-- Opening Marker --

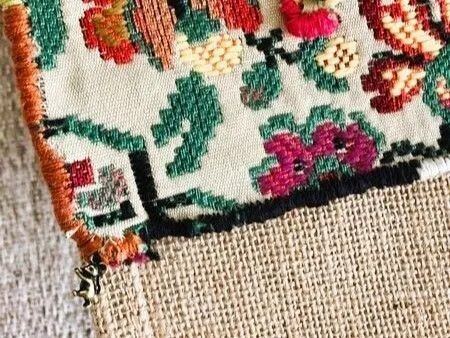 【無印良品】シンプルな『ジュートバッグ』がおしゃれに大変身♡留め縫いするだけ簡単リメイク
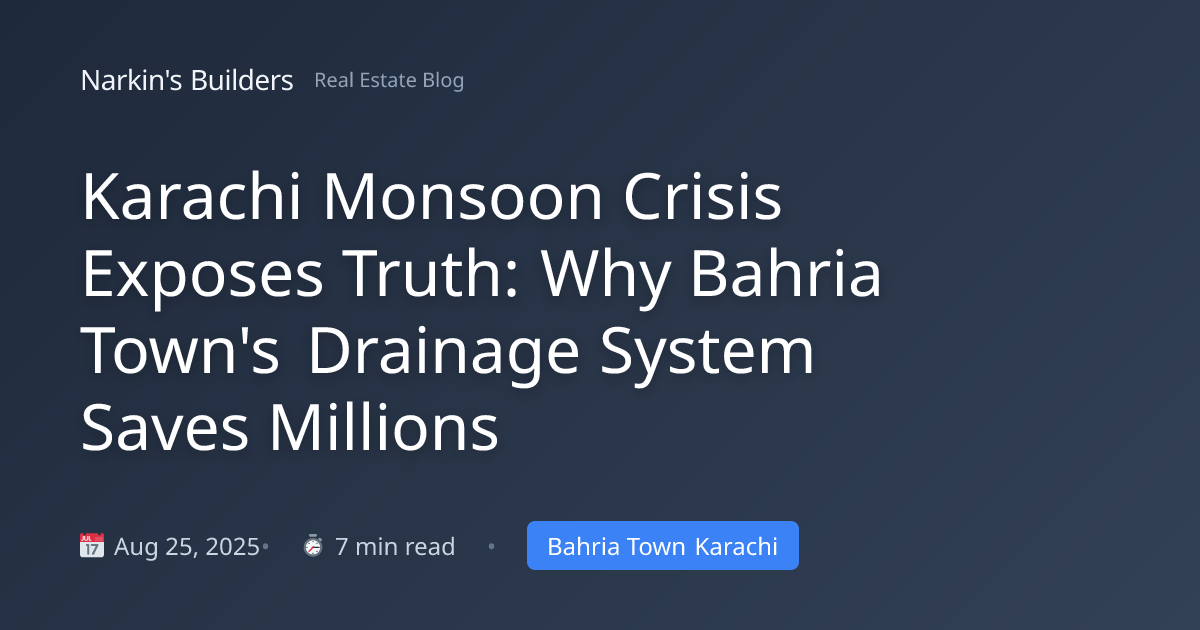 Karachi Monsoon Crisis Exposes Truth: Why Bahria Town's Drainage System ...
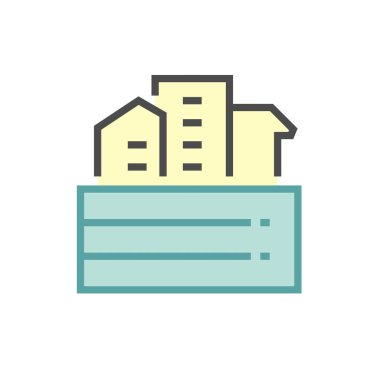 Jeoteknik mühendisliği ve vektör ikonu tasarımı.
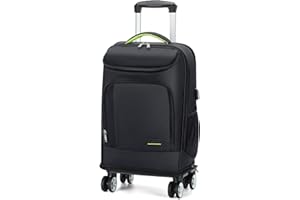 Lekespring Sac à Dos à roulettes en Cuir avec roulettes Amovibles - Sac à Dos étanche pour Ordinateur Portable de 17,3 Pouces - Bagage à Main en Avion - Sac à Dos à roulettes pour Homme, Noir, XL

-- Closing Marker --

→ **Task goal**
Omit every picture, then reproduce the rest of the listing exactly.

→ **The answer**
 【無印良品】シンプルな『ジュートバッグ』がおしゃれに大変身♡留め縫いするだけ簡単リメイク
 Karachi Monsoon Crisis Exposes Truth: Why Bahria Town's Drainage System ...
 Jeoteknik mühendisliği ve vektör ikonu tasarımı.
 Lekespring Sac à Dos à roulettes en Cuir avec roulettes Amovibles - Sac à Dos étanche pour Ordinateur Portable de 17,3 Pouces - Bagage à Main en Avion - Sac à Dos à roulettes pour Homme, Noir, XL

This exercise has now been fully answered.